31 Ağustos 2012 Cuma

ŞÜKRET, KANAAT VE SABIRLA YAŞA

     Yüce ALLAH’a götüreceğimiz şey, aldığımız “TEŞEKKÜR”lerdir. Nasıl ki birinden bir teşekkür alınca seviniyoruz, hoşlanıyoruz veya herif bir teşekkür bile etmedi diye sızlanıyoruz, demek ki bize teşekkür niçin ediliyor, maddi ve manevi yapılan hoş, hoşa giden şeyler için. Hele bir düşünelim, evvela bizi insan olarak yoktan var eden ve bize dünyayı ve de dünya nimetlerini sayısız veren yüce Mevlâ bizden ne istiyor? Ne buyurdu? “Ben sizi, beni tanımanız ve bana ibadet etmeniz için yarattım” demedi mi? O hâlde, Kur’an’da “hiç mi şükretmezsiniz?” dediğine göre, yüce Rabbimize hiç durmadan hatta her nefes alıp verdiğimizde bile, “Ya İlahî, sana çok şükür” desek bile O’nun bize verdiklerinin karşılığını ödemek olanaksızdır. Ne var ki bir kez bile “çok şükür” demek, sen varsın, sen ALLAH’sın demenin ta kendisidir. Ben münkir değilim demektir, beni niçin yarattığını biliyorum demektir. Yüce ALLAH, “hiç bilenle bilmeyen bir olur mu?” dedi. Elbette ALLAH hiçbir şeyi karşılıksız koymaz, her adımda şükür bizi her felâketten korur. “Şükür sana” demekle yüce Rabbin, “Ben yanındayım, korkma” der. Hele bir düşün, bir kimse her zaman ALLAH ile birlikte olursa kim o kimseye en ufak bir zarar verebilir ki? Şükür etmenin getireceği nimetleri yazmaya kalksam ömrüm yetmez.

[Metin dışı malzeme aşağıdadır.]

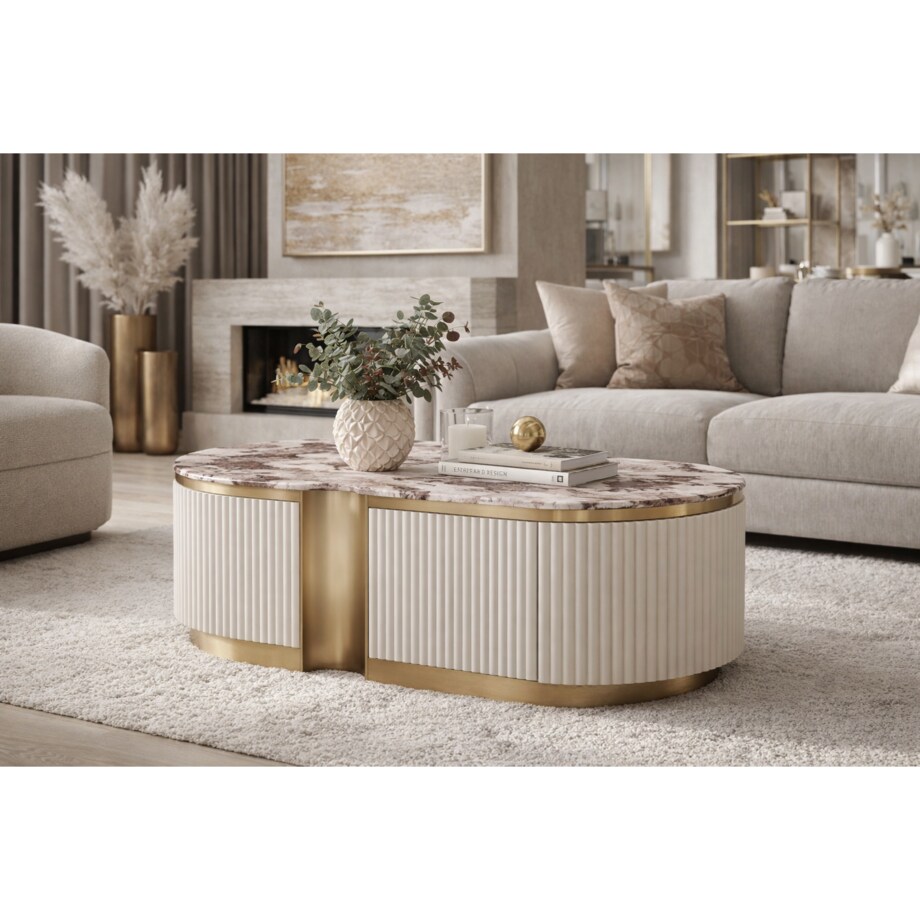 Stolik kawowy glamour kremowo złoty Nutris 122x60x45 ryflowany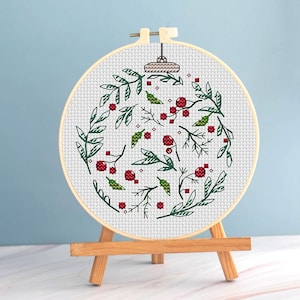 Christmas Bauble Cross Stitch Winter Pattern Pdf  - Xmas ornament cross stitch minimalist embroidery easy christmas card cross stitch dmc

Kısacası, yaşadığın müddetçe bu fani dünyada ALLAH’a verilecek tek şey şükürdür. Unutma ki bu sözcük, cennet-i alâ’da da geçerli olacak, ebedi hayatta dahi tüm cennettekiler, peygamberler, melekler ve insanlar daima, “Rabbimiz, sana çok şükürler” diyecekler. Ne büyük bir kaynak şu şükür sözcüğü, öyleyse şükrederek yaşa, yaşa ki aldığın ilaç sana şifa getirsin.